• [Required action] An exact reproduction of the data below is expected, free of images.
--- Task material ---
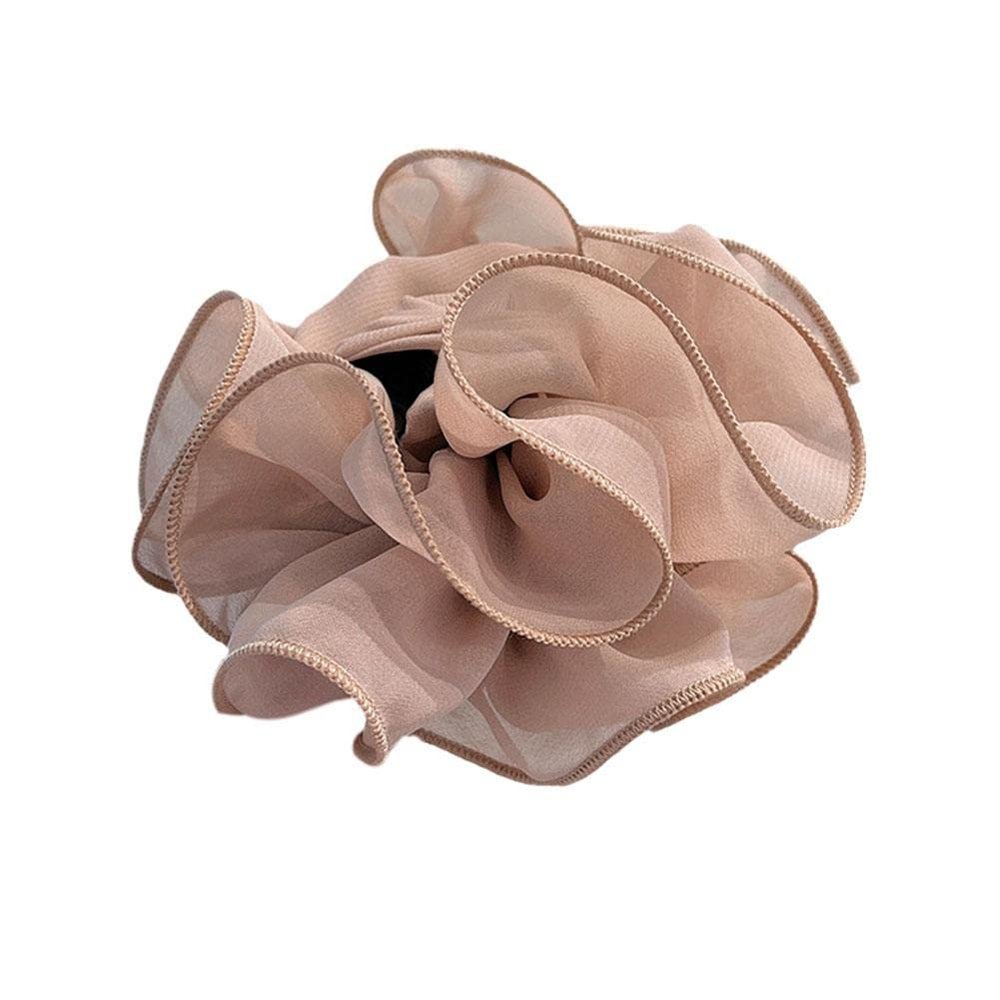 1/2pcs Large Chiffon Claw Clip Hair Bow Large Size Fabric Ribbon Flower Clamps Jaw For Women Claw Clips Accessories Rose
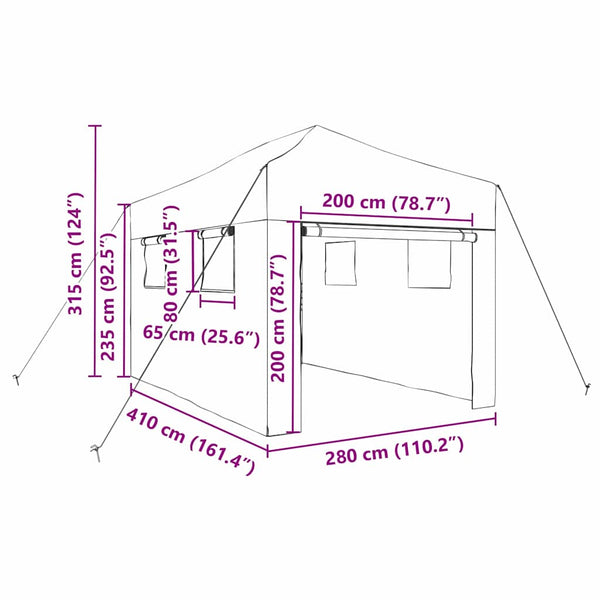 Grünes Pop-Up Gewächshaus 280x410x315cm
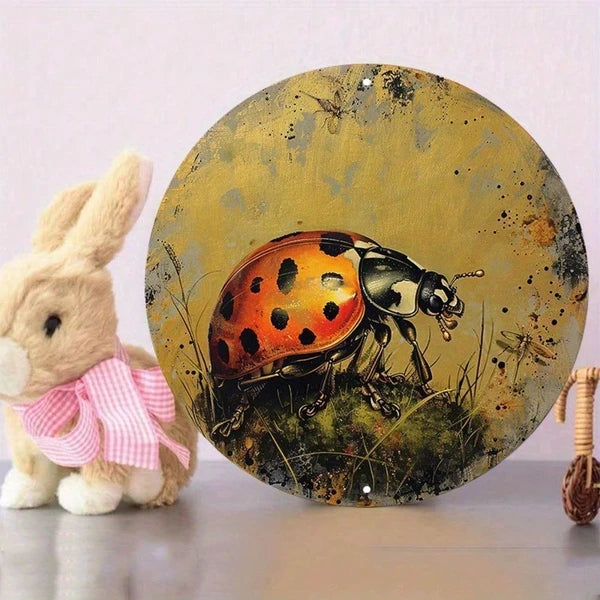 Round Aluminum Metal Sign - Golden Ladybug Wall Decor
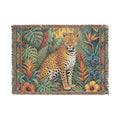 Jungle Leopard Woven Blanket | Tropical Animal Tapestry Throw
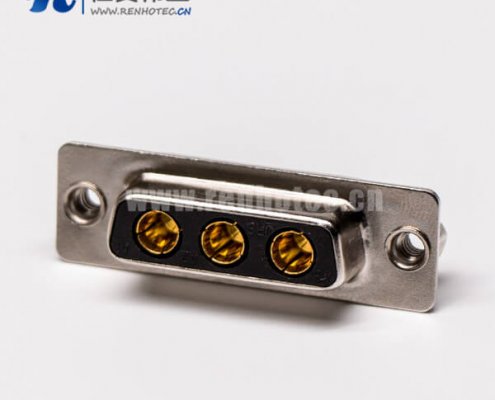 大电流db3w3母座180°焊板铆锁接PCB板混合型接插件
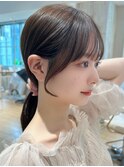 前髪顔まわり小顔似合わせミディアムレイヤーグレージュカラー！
---
• [Written response]
 1/2pcs Large Chiffon Claw Clip Hair Bow Large Size Fabric Ribbon Flower Clamps Jaw For Women Claw Clips Accessories Rose
 Grünes Pop-Up Gewächshaus 280x410x315cm
 Round Aluminum Metal Sign - Golden Ladybug Wall Decor
 Jungle Leopard Woven Blanket | Tropical Animal Tapestry Throw
 大电流db3w3母座180°焊板铆锁接PCB板混合型接插件
 前髪顔まわり小顔似合わせミディアムレイヤーグレージュカラー！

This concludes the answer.